Lyrics were re-written and additional versions were created. When Teenage Mutant Ninja Turtles was released in 1987 it caused an uproar in the UK censoring bodies. The name "Ninja" was considered to have excessive violent connotations for a childrens program and had to be replaced with "Hero". This was reflected in the hoax and official versions of the STANR video where the word ‘Ninja’ is replaced with ‘Mega’. Rina came back into the studio to re-record new lines and the ‘Mega’ version of the chorus.
Other than the choice of instrumentation, mixing was key in achieving an authentic sound. We were referring back to a lot of the original shows and listening to how they were produced. Re-recording back via analogue tape was ultimately abandoned due to limited effect and we had more luck mastering via some analogue outboard gear in our API Lunchbox to get that elusive vintage warmth. The hoax version of the soundtrack was also effected with VHS emulation software to aid in the illusion of an old video recording.
The SFX were largely influenced by anime, kung fu movies and intros from shows like Thundercats and Centurions. This inevitably involved lot of high pitched phshiiiiiinnnggs and slliiiisssch's. These SFX exhibit a very brittle, almost badly produced quality that hark back to Eastern production of the era. We also looked to use vintage SFX that have been hanging around the major sound libraries for years, things like lightning, gun shots and explosions that are easily recognisable from similar productions. Many of the vintage SFX were lightly augmented with contemporary cinematic sounds to achieve a slightly modernised production quality for the official full release.

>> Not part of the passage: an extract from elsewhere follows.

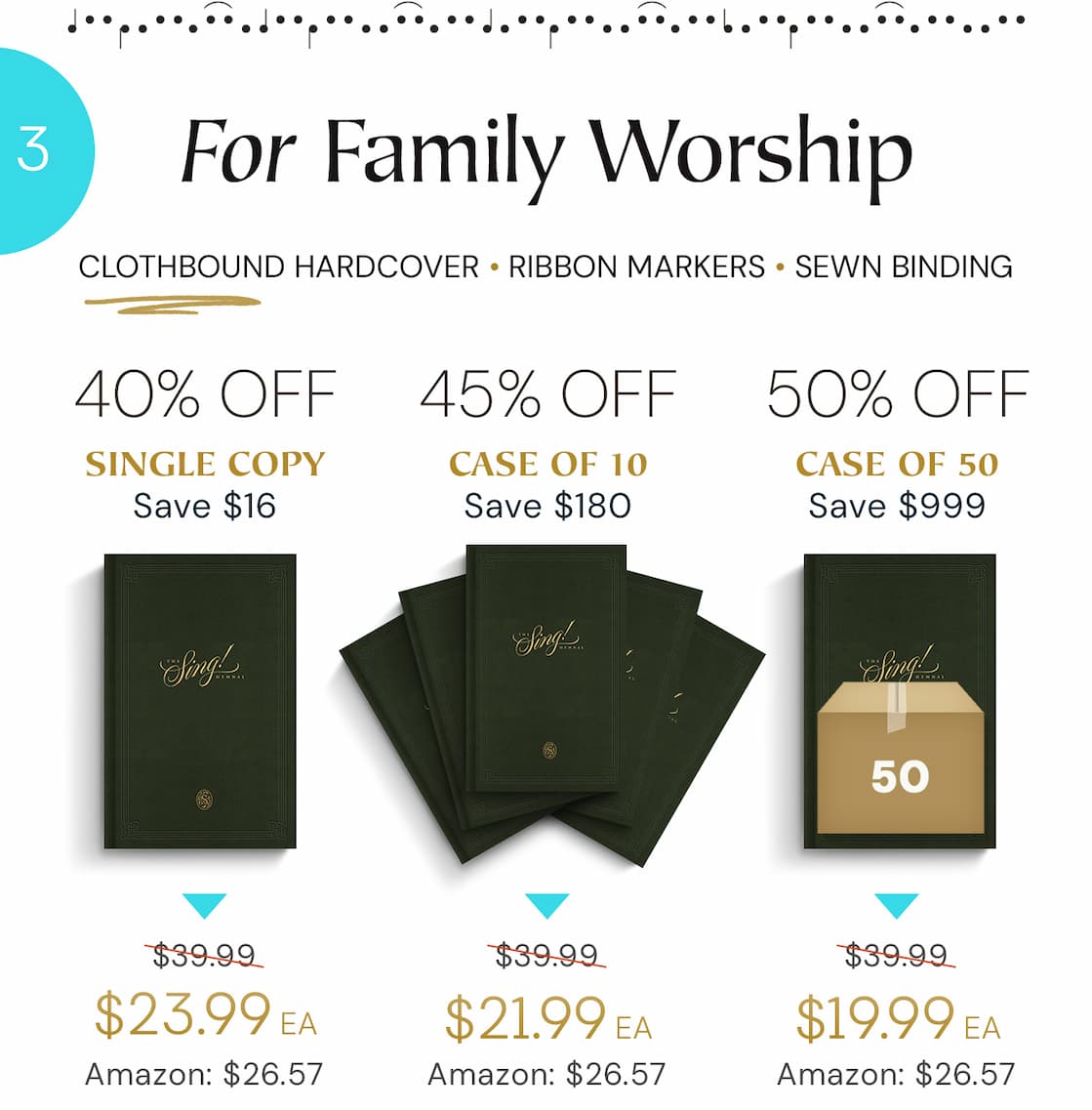 Hymnal from Keith and Kristyn Getty Highlights the Beauty of Christian Theology Through Worship  Blending music and poetry, hymns beautifully bring Christian theology to life. With each verse, rich lyrics echo the timeless truths of Scripture and proclaim the unchanging message of salvation. For centuries, Christians have used these treasured resources in private and corporate worship, and The Sing! Hymnal now presents the profound beauty of hymnody to the next generation.  Thoughtfully curated by award-winning hymn writers Keith and Kristyn Getty, The Sing! Hymnal hosts a collection of timeless classic and contemporary hymns, created to deepen worship and foster unity among God's people through the power of song. Featuring liturgical readings, psalms paired with popular hymns, useful indexes, and a durable, scuff-resistant cover, this hymnal is perfect for equipping attendees during Sunday morning services.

We also had the pleasure of meeting Wes’s nephews who came in to record the voices for the WTL logo. A contact was written up and they were paid handsomely in Jaffa Cakes.
As the project grew, the team behind the 3D modelling of the tank, No Ghost, floated the idea of creating a VR experience. It was a side project that would ultimately be debuted at the STANR launch party and shared online for free with the Oculus Rift community. Box Of Toys Audio were responsible for creating 3D sound for this immersive 360 experience. The experience was a linear sequence that featured user interactive elements. This would require audio engine integration to ensure 3D audio was triggered accurately in response to user interaction. Audio assets were created within the FMOD platform, an audio engine predominantly used for gaming applications. These audio assets were then married up to their corresponding 3D object assets via implementation in Unreal Engine. A new edit of the music theme was created to underscore the experience, building over time to peak in sync with an action packed ending.